:: Data supplied

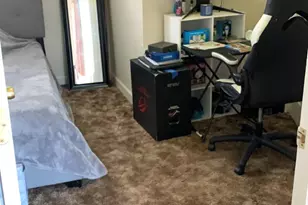 719 Fairview Ave NE, Grand Rapids, MI 49503 - Photo 13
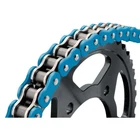 Bikemaster 197677 Bmxr Series Chain New. Price: $173.03.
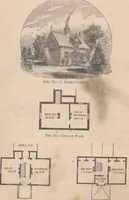 An illustration from Woodward's cottages and farm houses (1867)
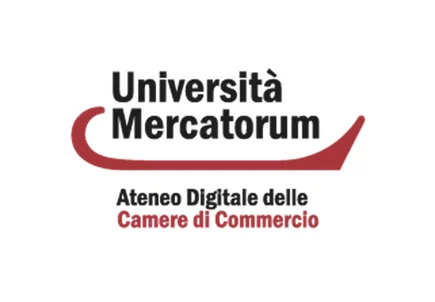 logo mercatorum logo mercatorum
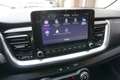 Kia Stonic 1.0 T-GDi MHEV GT-Line CAMERA - APPLE CARPLAY - AN Blanc - thumbnail 28
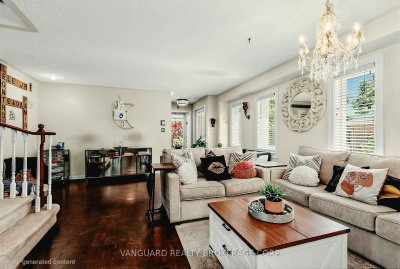 111 Grapevine Road • Caledon, ON photo 4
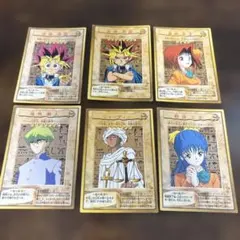 Chaos TCG まとめ売り セットカード多数 - メルカリ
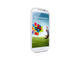 Калъфи Belkin Grip Sheer Matte термополиуретанов калъф за Galaxy S4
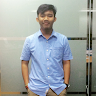 (Kategori: ) berada di . Dikirim oleh adnanreza18 (ID iklan 1348711889, Gambar 1). Deskripsi: .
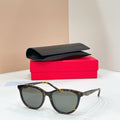 SAINT LAURENT Sunglasses-SL M227
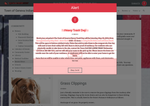 Check dated 2026-05-29T08:42:38.000Z thumbnail image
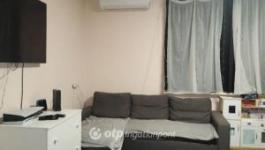 Eladó családi ház Budapest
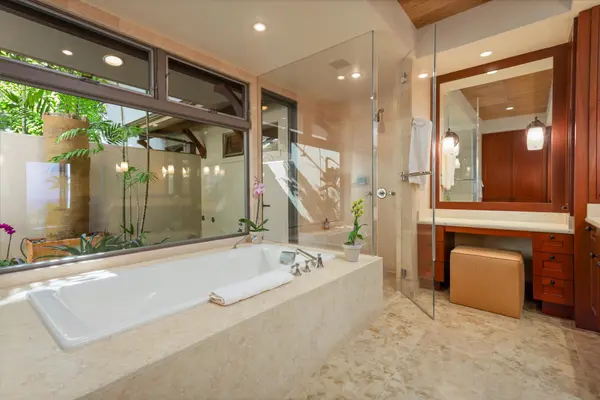 72-2903 HAINOA ST #15, Kailua-kona, HI 96740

::::

== What to do ==
Pictures stay out, and every line of the records is transcribed exactly.

== Written solution ==
 719 Fairview Ave NE, Grand Rapids, MI 49503 - Photo 13
 Bikemaster 197677 Bmxr Series Chain New. Price: $173.03.
 An illustration from Woodward's cottages and farm houses (1867)
 logo mercatorum logo mercatorum
 Kia Stonic 1.0 T-GDi MHEV GT-Line CAMERA - APPLE CARPLAY - AN Blanc - thumbnail 28
 111 Grapevine Road • Caledon, ON photo 4
 Chaos TCG まとめ売り セットカード多数 - メルカリ
 Калъфи Belkin Grip Sheer Matte термополиуретанов калъф за Galaxy S4
 (Kategori: ) berada di . Dikirim oleh adnanreza18 (ID iklan 1348711889, Gambar 1). Deskripsi: .
 SAINT LAURENT Sunglasses-SL M227
 Check dated 2026-05-29T08:42:38.000Z thumbnail image
 Eladó családi ház Budapest
 72-2903 HAINOA ST #15, Kailua-kona, HI 96740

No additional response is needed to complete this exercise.